Przyszłe matki zmuszone do brania urlopu macierzyńskiego
ZUS, aby zaoszczędzić około miliona złotych,
sugeruje lekarzom, aby kobietom, które mają bliski termin porodu,
nie wystawiali zwolnień lekarskich, lecz wysyłali je na urlopy
macierzyńskie - pisze "Nasz Dziennik".
20.03.2007 01:05
Zalogowani mogą więcej
Możesz zapisać ten artykuł na później. Znajdziesz go potem na swoim koncie użytkownika
Zdaniem gazety, nie byłoby w tym nic dziwnego - bo przecież zgodnie z ustawą można urlop wziąć na dwa tygodnie przed urodzeniem dziecka i kontynuować po rozwiązaniu - gdyby nie fakt, że przyszłym mamom wręcz nakazuje się wcześniejsze skorzystanie z przysługującego im przywileju.

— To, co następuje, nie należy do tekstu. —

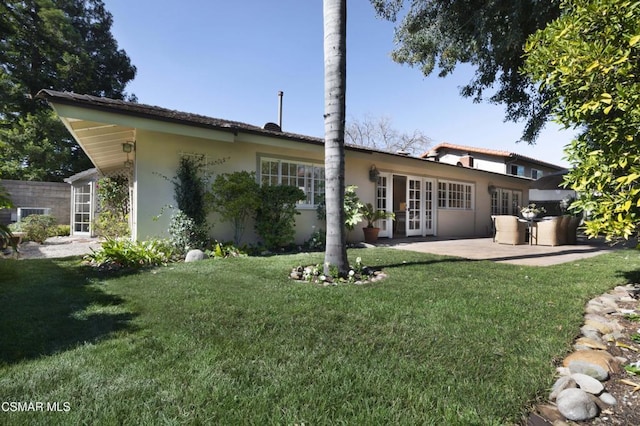 back of property with a patio, a lawn, and french doors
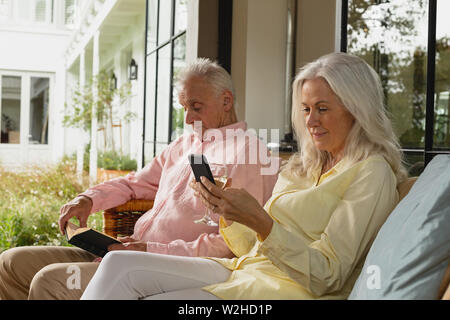 Active senior couple using mobile phone and reading a book in the porch Stock Photo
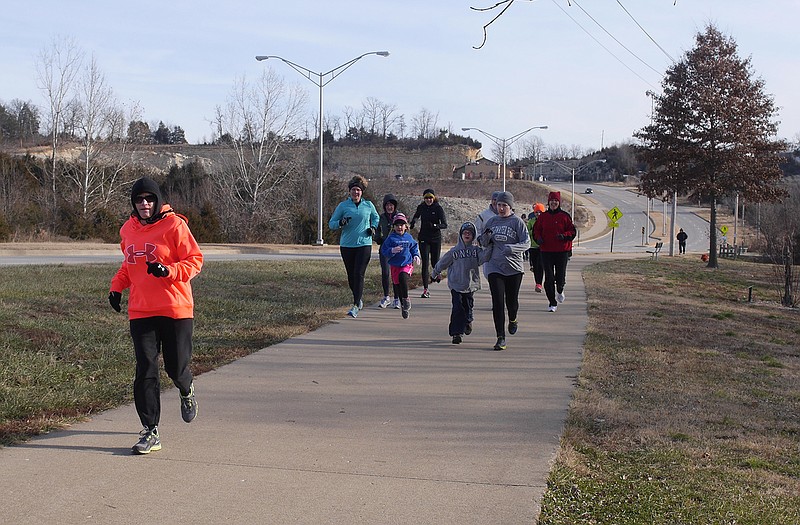 Runners make their way along the Greenway during the Ring in the New Year Mile.
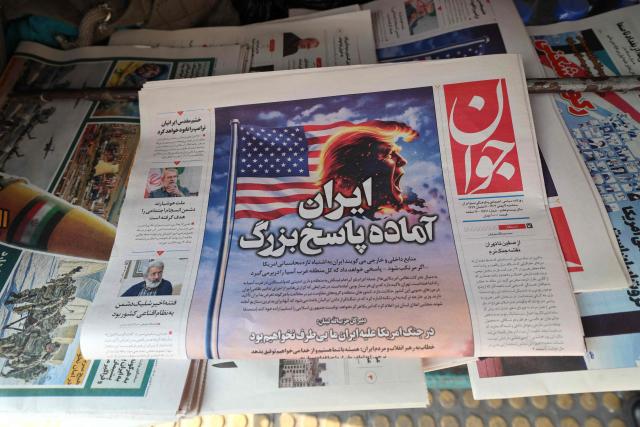 A photograph shows a newspaper with a headline in Persian reading “Iran is ready for a big response” at a kiosk in Tehran on January 27, 2026. A US naval strike group led by an aircraft carrier has deployed to Middle Eastern waters, the United States said on January 26, 2026, as Tehran warned it was ready to hit back at any American attack launched in response to a crackdown on anti-government protests. (Photo by ATTA KENARE / AFP)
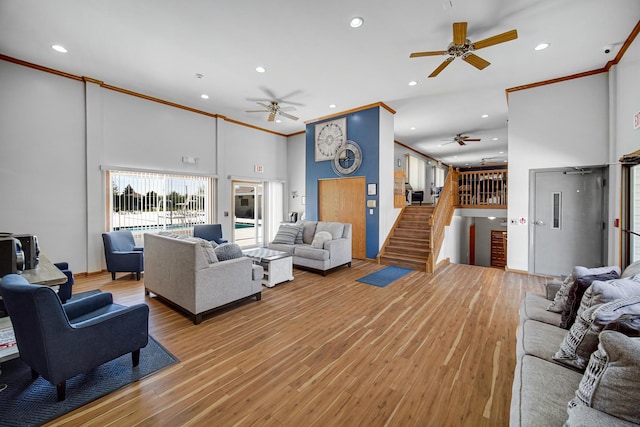 713 Arbury Ct, Romeoville, IL 60446 - living area with a ceiling fan, a high ceiling, ornamental molding, recessed lighting, and light wood finished floors
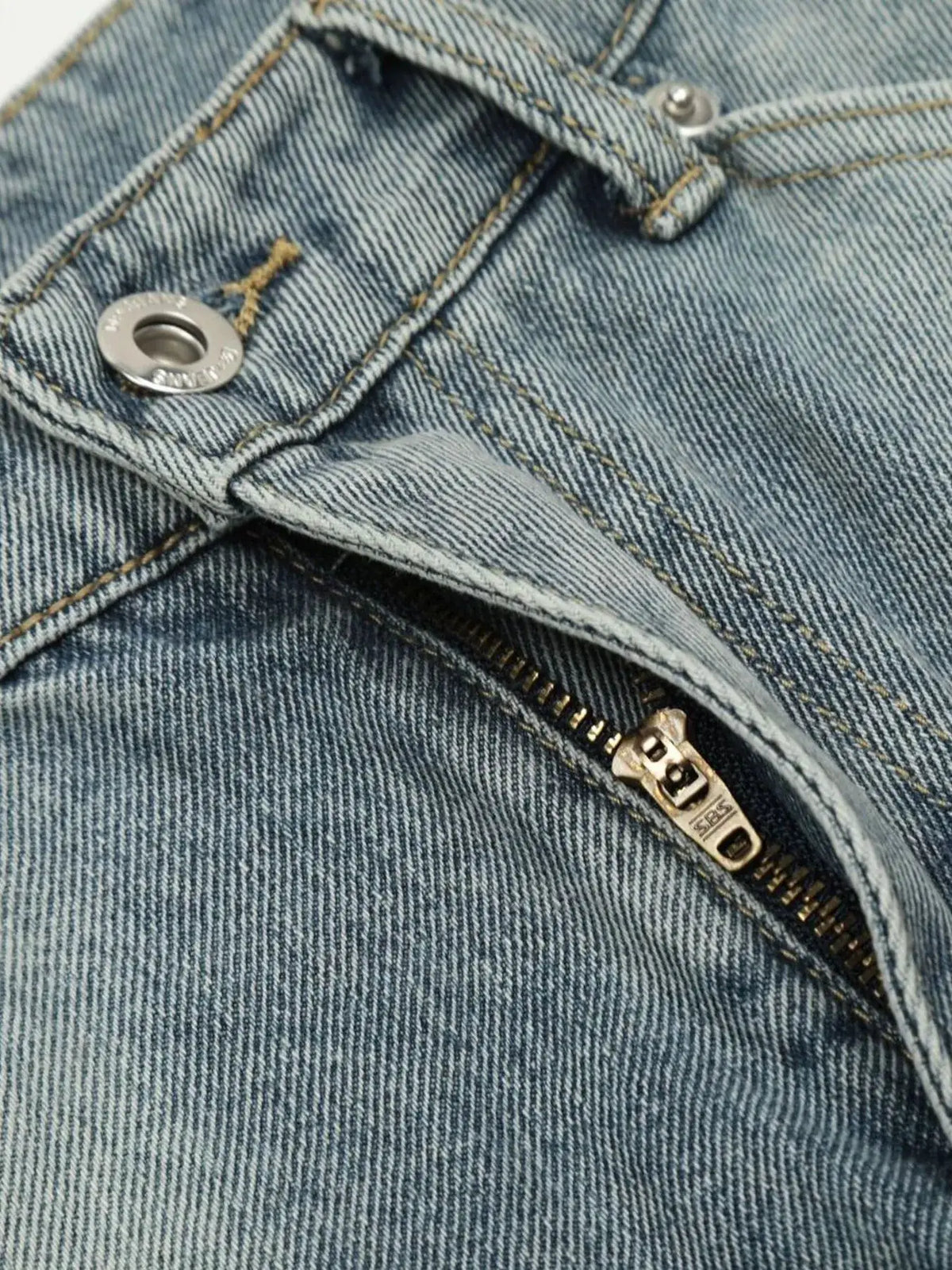 Men's denim shorts close-up showing blue washed denim fabric, metal top button, and exposed zipper with yellow stitching.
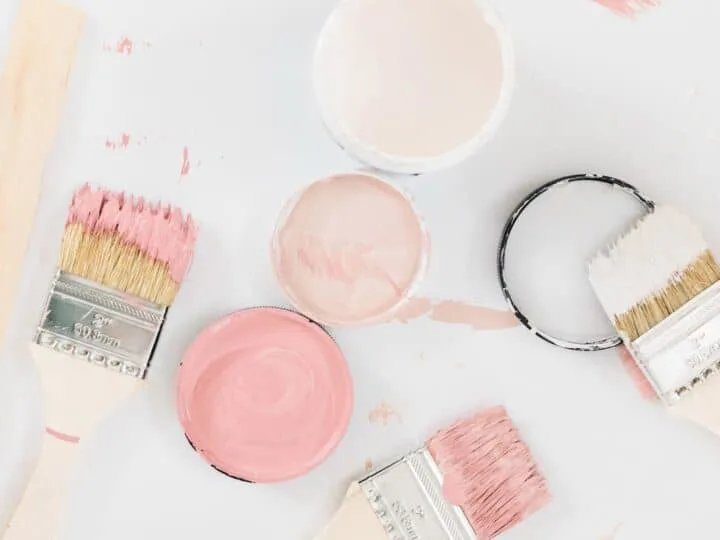 jars of pink paint samples with brushes on white background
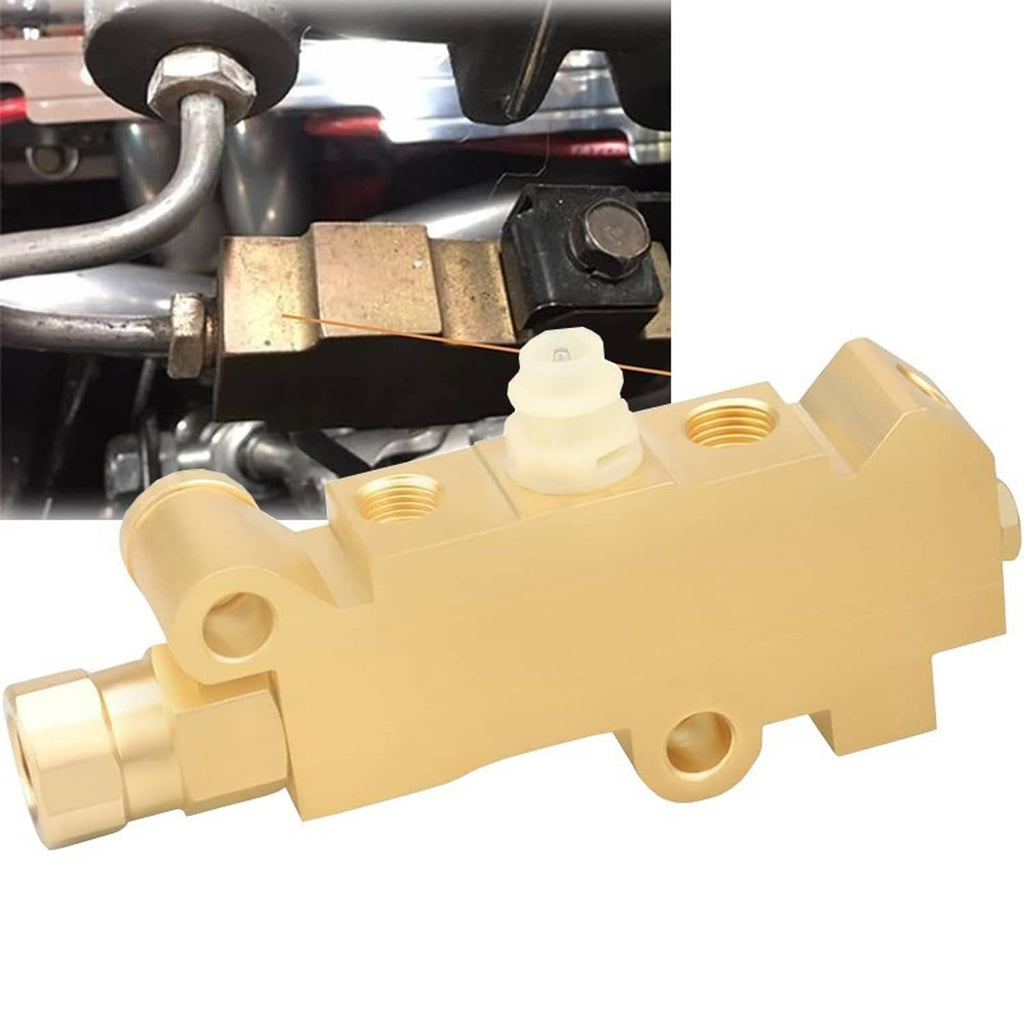 Brass brake proportioning valve installed with visible metal lines and fittings
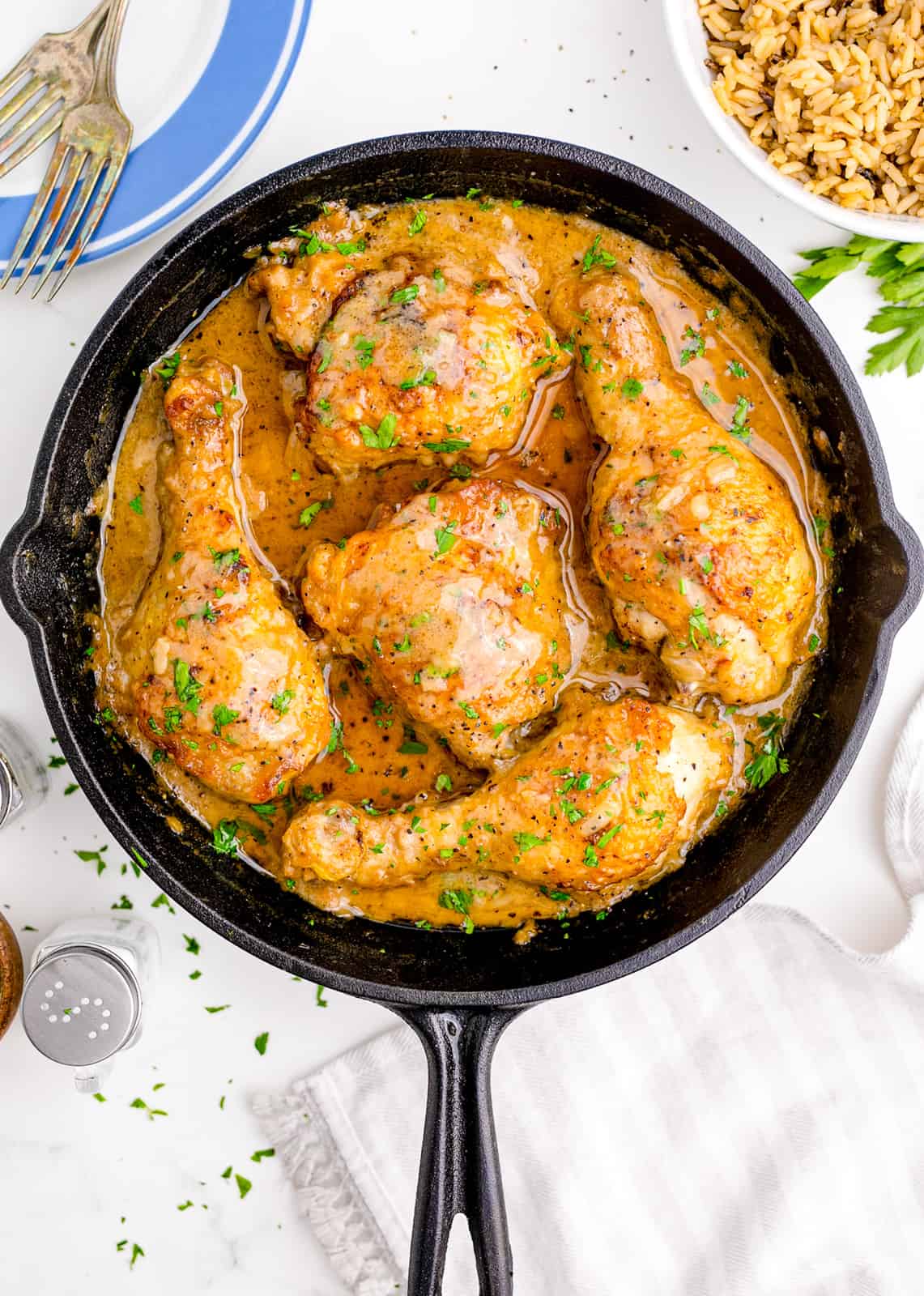 Overhead photo of Smothered Chicken in cast iron skillet.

A dlatego, bo - jak tłumaczył lekarz jednej z czytelniczek "ND" - kontrolerzy z ubezpieczeń zwrócili mu raz uwagę, żeby trzymał się nieformalnych zaleceń. Szczególnie dotyczy to kobiet zatrudnionych w dużych zakładach pracy i będących przed narodzinami dziecka na zwolnieniu lekarskim - zauważa "Nasz Dziennik". (PAP)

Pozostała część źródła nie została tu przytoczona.